The company says the licence is underlain by volcanic rocks that exhibit the same geological characteristics as the 790,000 ounce Nevera gold and copper deposit. Historic regional exploration has returned gold, silver and base metals anomalies over a wide area.
Gold Anomaly believes the licence area is an under-explored province with potential for a number of new gold and copper deposits. The company’s exploration director Peter McNab says, “I am very pleased to be able to say that in applying for this licence, Gold Anomaly is looking to extend its tenements to take in all of the historic anomalous areas in the Crater Mountain range.
“These anomalies are a product of magmatic and hydrothermal activity related to Crater Mountain’s volcanic activity.

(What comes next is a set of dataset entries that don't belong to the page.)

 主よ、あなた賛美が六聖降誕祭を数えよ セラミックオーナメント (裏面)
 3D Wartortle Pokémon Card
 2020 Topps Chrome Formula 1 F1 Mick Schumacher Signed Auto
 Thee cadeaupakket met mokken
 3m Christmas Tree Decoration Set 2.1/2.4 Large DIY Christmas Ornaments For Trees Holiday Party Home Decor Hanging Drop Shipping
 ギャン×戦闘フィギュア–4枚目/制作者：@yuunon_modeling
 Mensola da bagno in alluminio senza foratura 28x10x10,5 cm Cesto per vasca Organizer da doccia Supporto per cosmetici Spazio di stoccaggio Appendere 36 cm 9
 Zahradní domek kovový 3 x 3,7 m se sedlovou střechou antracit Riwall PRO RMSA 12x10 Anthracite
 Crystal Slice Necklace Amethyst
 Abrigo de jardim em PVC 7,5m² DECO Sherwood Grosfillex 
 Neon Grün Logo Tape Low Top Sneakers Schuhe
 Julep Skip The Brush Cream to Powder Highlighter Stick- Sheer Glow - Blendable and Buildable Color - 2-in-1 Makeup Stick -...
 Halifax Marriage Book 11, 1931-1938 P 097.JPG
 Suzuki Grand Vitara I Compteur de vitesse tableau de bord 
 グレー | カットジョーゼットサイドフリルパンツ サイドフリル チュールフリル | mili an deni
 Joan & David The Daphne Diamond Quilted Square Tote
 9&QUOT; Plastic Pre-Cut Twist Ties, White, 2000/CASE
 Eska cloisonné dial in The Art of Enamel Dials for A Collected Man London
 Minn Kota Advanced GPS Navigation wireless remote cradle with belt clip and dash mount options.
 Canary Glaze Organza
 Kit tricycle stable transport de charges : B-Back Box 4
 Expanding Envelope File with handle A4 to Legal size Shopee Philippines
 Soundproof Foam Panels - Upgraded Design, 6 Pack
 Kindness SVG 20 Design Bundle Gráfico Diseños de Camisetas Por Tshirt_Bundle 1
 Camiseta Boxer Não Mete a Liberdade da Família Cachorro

Airborne geophysical surveys coupled with detailed exploration on the ground can be expected to generate many new interesting targets.”
Gold Anomaly’s application for the southern licence is timely given the company is moving into the second phase of its exploration strategy at Crater Mountain, which will include a concerted regional program aimed at defining and locating new prospects. The company believes the flagship Nevera prospect is only one of a number of gold-copper deposits in a large system.
Peter McNab says he is negotiating with several airborne geophysical companies operating in Papua New Guinea to commission a magnetics and radiometrics survey over its Crater Mountain licenses.
“Gold Anomaly has high hopes for discovering further major prospects in this highly underexplored ground,” he says.